La collègue, noire, de Ian est nommée au poste de direction qu’il convoitait ; rien ne prouve qu’elle ait été favorisée, par principe, du fait de ses origines, mais la suspicion est tenace - Héléna, mère de Ian, pense que la vie de son fils est gâchée par une injustice évidente, commise au nom du « politiquement correct ». Ian dit à sa femme, Sophie : Ce que tu appelles finalement le respect des minorités, consiste au fond à faire un doigt d’honneur aux autres. 

La tyrannie » insoutenable du « politiquement correct » :

Pour les uns - dont Héléna -, la loi votée par le Labour interdisant la chasse à courre des renards, c’est déjà du « politiquement correct » ! Ce détournement de l’expression trahit une intense frustration conservatrice. Sophie reprochera à Ian de n’avoir que cette expression à la bouche alors « qu’elle n’est pas sûre qu’il sache ce qu’elle signifie ».

La carrière universitaire de Sophie, spécialiste d’histoire de l’Art et sur le point de se faire un nom, est détruite suite à l’accusation d’une étudiante. Sophie ayant dit à Emily, une élève « trans »… qu’elle était longue à prendre une décision (concernant ses études), la gente universitaire estimera, avec la dénonciatrice, une enfant gâtée de la bourgeoisie, que cette remarque était la stigmatisation d’une étudiante qui mettait un certain temps décider de l’opération devant la faire changer définitivement de sexe ! Les cours de Sophie seront suspendus alors que la présumée victime ne s’était pas portée partie prenante à l’accusation…

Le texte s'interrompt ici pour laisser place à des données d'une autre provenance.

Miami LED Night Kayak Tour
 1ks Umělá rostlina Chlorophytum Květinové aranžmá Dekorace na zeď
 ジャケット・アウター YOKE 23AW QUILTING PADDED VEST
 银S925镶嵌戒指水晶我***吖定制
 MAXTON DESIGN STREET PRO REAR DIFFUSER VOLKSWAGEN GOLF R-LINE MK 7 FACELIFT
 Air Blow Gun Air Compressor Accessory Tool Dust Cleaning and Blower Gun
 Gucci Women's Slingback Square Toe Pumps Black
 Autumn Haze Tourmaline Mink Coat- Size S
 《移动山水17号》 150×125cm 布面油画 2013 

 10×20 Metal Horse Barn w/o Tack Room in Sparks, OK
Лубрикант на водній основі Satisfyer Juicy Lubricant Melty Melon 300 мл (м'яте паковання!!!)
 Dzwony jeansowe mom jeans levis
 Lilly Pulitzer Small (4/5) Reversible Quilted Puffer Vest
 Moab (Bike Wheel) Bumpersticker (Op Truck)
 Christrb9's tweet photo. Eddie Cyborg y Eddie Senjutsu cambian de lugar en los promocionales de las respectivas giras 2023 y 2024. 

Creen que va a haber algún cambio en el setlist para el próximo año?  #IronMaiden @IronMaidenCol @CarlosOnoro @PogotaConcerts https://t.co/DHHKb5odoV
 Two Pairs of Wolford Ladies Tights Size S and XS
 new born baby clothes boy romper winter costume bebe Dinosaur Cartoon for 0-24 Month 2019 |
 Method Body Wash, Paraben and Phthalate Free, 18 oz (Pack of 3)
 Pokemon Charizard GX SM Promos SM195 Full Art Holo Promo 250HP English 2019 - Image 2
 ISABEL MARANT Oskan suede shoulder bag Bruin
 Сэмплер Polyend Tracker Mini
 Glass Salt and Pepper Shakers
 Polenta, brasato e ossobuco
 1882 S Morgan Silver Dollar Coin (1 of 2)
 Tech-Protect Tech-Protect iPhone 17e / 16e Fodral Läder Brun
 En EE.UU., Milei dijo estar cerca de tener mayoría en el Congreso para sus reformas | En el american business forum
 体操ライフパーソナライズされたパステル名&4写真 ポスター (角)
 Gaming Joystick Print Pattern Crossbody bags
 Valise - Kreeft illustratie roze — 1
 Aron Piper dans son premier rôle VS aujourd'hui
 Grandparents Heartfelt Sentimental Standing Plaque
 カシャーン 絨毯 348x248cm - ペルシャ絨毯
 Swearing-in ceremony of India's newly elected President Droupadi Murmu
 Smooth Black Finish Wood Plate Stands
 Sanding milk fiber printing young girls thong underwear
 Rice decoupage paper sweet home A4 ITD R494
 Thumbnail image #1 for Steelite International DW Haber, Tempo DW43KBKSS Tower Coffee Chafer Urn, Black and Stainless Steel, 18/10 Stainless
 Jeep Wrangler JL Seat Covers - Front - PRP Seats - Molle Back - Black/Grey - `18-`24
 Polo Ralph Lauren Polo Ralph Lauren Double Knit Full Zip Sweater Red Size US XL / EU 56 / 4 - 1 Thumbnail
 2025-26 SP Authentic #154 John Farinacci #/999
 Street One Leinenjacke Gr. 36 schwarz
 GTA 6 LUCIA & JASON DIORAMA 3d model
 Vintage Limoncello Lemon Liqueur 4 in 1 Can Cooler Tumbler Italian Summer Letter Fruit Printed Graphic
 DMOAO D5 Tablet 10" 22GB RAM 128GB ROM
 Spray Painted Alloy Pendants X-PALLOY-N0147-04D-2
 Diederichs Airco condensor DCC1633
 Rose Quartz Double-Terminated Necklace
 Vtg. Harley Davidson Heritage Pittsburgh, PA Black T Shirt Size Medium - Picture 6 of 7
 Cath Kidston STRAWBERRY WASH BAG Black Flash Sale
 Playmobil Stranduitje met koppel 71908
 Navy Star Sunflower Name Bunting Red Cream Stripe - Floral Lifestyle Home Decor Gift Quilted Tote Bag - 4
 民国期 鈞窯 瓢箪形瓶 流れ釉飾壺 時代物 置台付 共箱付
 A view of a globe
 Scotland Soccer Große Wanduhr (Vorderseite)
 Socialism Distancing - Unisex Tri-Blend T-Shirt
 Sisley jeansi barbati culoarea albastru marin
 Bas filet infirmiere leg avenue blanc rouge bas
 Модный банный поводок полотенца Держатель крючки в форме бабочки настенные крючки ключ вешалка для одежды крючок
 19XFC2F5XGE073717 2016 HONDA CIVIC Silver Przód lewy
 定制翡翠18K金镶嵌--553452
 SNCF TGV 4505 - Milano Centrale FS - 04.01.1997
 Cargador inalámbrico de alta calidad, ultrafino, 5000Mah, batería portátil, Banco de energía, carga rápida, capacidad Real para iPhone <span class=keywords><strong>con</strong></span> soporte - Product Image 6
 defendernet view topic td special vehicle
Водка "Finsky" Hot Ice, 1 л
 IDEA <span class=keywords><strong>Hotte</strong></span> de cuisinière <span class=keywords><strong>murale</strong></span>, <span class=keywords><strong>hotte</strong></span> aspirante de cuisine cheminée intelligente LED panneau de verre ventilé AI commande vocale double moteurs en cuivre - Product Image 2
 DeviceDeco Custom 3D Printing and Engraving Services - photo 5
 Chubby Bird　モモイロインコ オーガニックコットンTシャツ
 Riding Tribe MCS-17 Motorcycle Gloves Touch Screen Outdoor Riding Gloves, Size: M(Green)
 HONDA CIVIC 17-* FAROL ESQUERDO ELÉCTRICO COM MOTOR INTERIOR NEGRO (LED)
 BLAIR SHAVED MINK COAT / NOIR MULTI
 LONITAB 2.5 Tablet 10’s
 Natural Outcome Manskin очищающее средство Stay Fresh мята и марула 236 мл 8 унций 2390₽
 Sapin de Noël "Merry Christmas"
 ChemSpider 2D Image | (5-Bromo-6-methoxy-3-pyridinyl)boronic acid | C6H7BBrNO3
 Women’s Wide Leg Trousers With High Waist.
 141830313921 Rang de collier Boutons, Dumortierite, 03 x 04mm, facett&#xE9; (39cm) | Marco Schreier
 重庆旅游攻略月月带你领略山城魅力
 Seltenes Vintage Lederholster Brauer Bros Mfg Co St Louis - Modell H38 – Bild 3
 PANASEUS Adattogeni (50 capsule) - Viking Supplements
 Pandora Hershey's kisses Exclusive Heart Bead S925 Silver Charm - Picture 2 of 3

Ce « politiquement correct » nous vient des campus des Etats-Unis, mais le « politiquement correct », c’est aussi l’obéissance aux lois de l’Europe.

Le politiquement correct, c’est encore le respect des communautés.

Tel est la tyrannie du « politiquement correct ».

Le nationalisme

Presque tous les protagonistes du récit ont la même passion empreinte de sentimentalisme pour leur « Vieille Angleterre ».
Pour remporter les élections législatives de 2015, David Cameron soufflera sur le brasier du nationalisme, ce cheval de bataille dont il perdra la maîtrise, comme on le sait, en 2016. 

Jonathan Coe propose l’image d’une classe moyenne s’identifiant à l’Angleterre, scandalisée par le peu d’égards qu’on lui témoigne, réticente envers l’immigration (on est pleins à craquer, dira Ian) ; incapable aussi d’affronter les choix auxquels elle est confrontée : Europe ou Etats Unis ? Néo-libéralisme ou Etat-Providence ? Impuissante à stopper le délitement de tout, dit Charlie.

Je testais l’idée d’un « roman sur le Brexit » : Jonathan Coe, pour mettre en œuvre cette idée, relate les vies de personnes emblématiques de la classe moyenne, qui en expriment la diversité. Chaque personnage du microcosme décrit est très dépendant du politique : néo-libéralisme, communautarisme, austérité… tous ces aspects qui conduisent à la frustration et au nationalisme.

Aucun des protagonistes ne milite, ni envisage de militer dans un parti ou un syndicat.

Comme on parle d’un « roman historique », Le Cœur de l’Angleterre pourrait être qualifié de « roman sociologique ». Le Cœur de l’Angleterre fait partie de cette catégorie d’œuvres littéraires à laquelle les historiens ou socio-historiens se réfèrent, à l’instar, en France et toutes proportions gardées, de La Comédie humaine, des Rougon- Macquart, ou encore, de L’Education sentimentale

Gilles Casel

[1Mais ce ne sont pas des émeutes raciales, tant s’en faut, qui naissent, non seulement à Londres, mais aussi à Birmingham et dans d’autres grandes villes.